The anti-poaching unit of the Ministry of Tourism and Natural Resources and village game scouts have recovered elephant tusks worth 200m/- from the Selous game reserve at Namtumbo village in Ruvuma region.

According to the reserve’s acting head of the western zone, Bernard Lijaji, the game rangers, with the facilitation from Game Frontiers of Tanzania (GFT) and the Mbaran'gandu WMA Community, have also seized one rifle (Number 458).   
 
The anti-poaching unit, working with the people living near game reserves had launched routine patrols after being facilitated with transport and other communications gadgets from Game Frontiers of Tanzania. The company has committed to sponsor the anti-poaching patrols for the whole of the season from January 2013 to June 2013 when the hunting operations close. 
 
Game Frontiers Managing Director Mohsin Abdallah commended the good relations between his firm and the Selous Game Reserve management at Likuyu Seka Maganga and communities around the Mbaran'gandu WMA hunting block. 
 
Tanzania loses 30 elephants to poaching every day, a shocking 10,000 every year, and the government says the situation cannot effectively reverse for lack of resources.

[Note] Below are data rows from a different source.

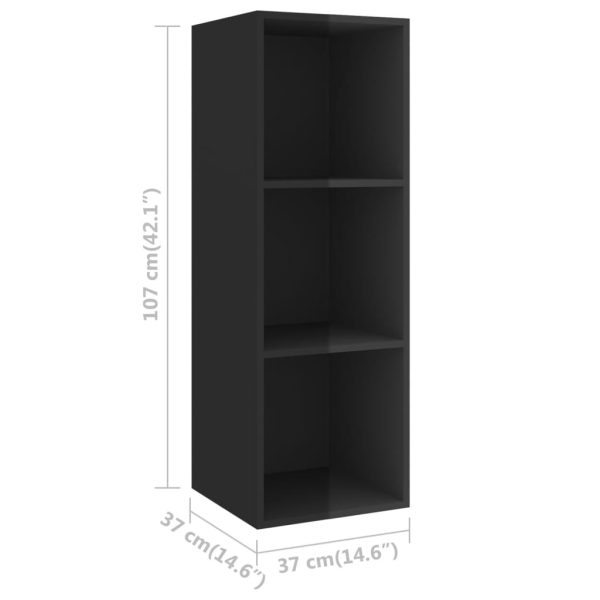 3 pcs conjunto de móveis de TV contraplacado preto brilhante - Image 6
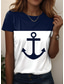 cheap Stripe&amp;Geometric tee-Women&#039;s T Shirt Floral Casual Short Sleeve Round Neck Regular Tops Daily Print White Wine Navy Blue Blue Dusty Blue Summer
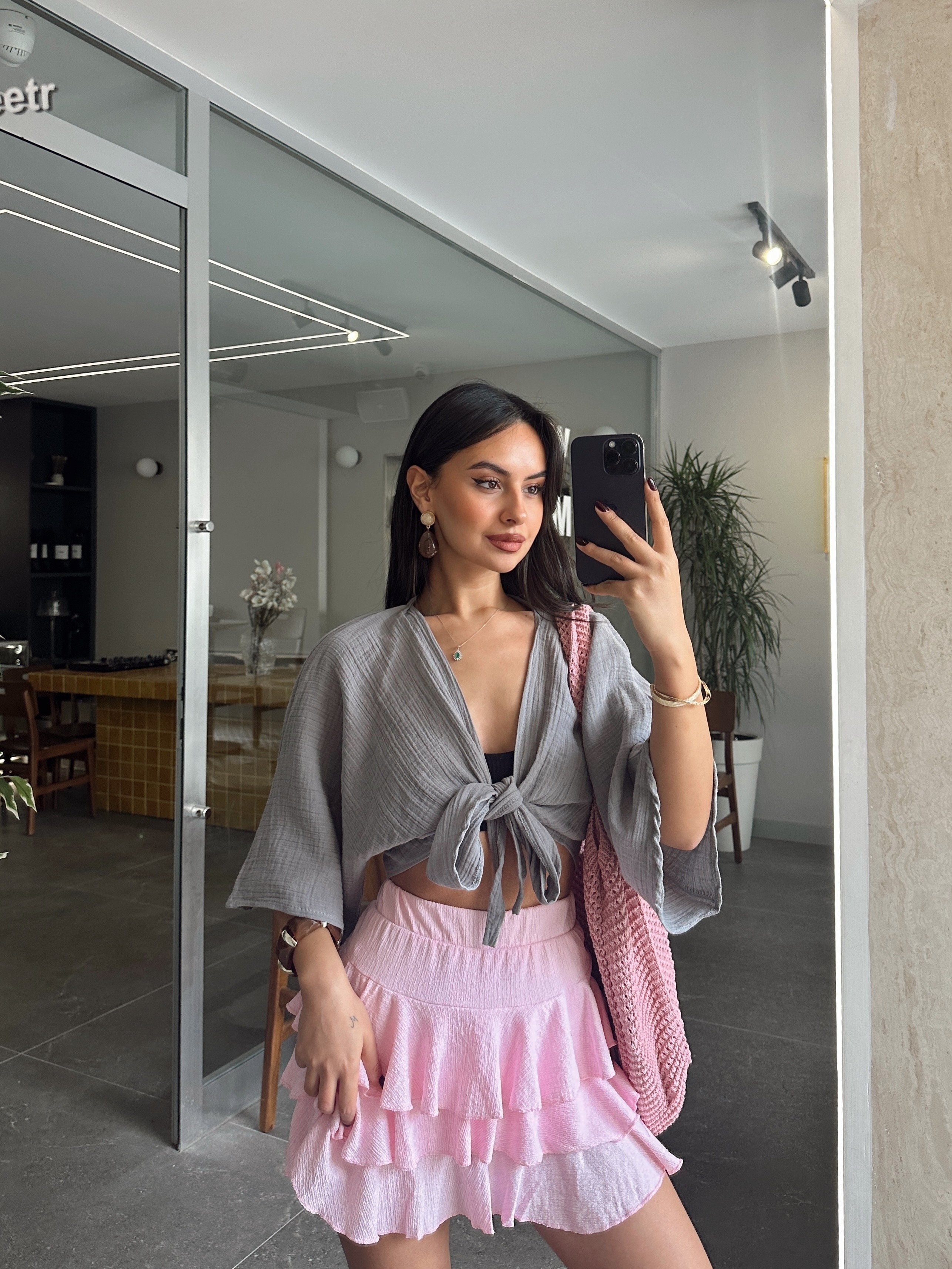Müslin Kimono Bluz - Gri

The country’s elephant population now stands at 150,000, according to some reports; in the rest of Africa jumbo populations have shrunk from 1.3 million down to 470,000 since 1977.
The government has called on the Convention on International Trade in Endangered Species of Wild Fauna and Flora (CITES) to allow the sale of its consignment of ivory in a bid to raise resources to fight poaching.
 
“Elephant poaching is very serious and needs a lot of resources to scale down the magnitude of the problem…,” says deputy minister for Natural Resources and Tourism  Lazaro Nyalandu.